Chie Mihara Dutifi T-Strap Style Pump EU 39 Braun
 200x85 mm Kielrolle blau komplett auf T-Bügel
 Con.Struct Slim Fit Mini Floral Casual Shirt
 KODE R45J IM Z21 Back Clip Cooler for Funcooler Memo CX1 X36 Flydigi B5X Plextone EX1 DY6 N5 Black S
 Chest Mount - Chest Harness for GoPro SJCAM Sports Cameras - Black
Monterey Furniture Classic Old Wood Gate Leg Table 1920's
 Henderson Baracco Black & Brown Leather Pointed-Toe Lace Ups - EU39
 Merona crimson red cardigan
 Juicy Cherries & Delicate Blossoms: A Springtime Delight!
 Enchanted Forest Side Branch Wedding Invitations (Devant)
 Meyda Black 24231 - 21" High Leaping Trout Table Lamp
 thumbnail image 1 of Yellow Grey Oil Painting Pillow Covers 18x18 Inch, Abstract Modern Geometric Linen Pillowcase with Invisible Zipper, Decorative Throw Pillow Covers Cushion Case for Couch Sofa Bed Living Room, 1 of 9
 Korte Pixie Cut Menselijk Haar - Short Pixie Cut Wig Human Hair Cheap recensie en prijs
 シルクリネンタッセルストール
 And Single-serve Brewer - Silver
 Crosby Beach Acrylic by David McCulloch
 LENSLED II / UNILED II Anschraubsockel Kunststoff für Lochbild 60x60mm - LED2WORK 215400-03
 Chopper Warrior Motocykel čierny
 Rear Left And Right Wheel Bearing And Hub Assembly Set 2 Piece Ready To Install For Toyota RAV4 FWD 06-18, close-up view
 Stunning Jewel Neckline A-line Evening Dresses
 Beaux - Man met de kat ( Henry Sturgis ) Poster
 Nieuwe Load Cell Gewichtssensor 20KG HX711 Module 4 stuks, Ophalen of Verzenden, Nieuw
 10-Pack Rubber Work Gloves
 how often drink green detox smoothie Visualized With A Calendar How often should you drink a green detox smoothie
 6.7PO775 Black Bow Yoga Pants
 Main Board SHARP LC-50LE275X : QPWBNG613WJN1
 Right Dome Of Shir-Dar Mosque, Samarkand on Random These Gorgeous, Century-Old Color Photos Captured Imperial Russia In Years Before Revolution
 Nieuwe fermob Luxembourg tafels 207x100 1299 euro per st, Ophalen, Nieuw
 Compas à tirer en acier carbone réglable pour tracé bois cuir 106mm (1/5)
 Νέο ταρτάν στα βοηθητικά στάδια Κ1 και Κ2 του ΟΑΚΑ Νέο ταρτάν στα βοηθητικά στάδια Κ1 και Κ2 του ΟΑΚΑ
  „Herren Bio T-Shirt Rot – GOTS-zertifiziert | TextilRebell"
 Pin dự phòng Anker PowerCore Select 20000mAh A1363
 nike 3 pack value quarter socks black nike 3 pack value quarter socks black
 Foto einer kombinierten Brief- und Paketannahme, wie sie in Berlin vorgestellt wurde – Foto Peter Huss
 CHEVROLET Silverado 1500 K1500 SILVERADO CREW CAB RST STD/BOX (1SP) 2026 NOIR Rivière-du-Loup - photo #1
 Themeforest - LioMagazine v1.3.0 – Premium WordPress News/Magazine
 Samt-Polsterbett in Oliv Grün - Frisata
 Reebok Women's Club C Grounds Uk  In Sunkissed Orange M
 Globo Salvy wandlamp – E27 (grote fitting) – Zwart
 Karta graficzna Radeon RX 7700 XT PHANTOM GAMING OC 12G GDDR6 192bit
^^^^^^^^^^^^^^^^
Instructions for the task
Copy exactly the lines from the one with "Themeforest - LioMagazine" down to the last line of the records above, and leave out everything else.

Result of this exercise
 Themeforest - LioMagazine v1.3.0 – Premium WordPress News/Magazine
 Samt-Polsterbett in Oliv Grün - Frisata
 Reebok Women's Club C Grounds Uk  In Sunkissed Orange M
 Globo Salvy wandlamp – E27 (grote fitting) – Zwart
 Karta graficzna Radeon RX 7700 XT PHANTOM GAMING OC 12G GDDR6 192bit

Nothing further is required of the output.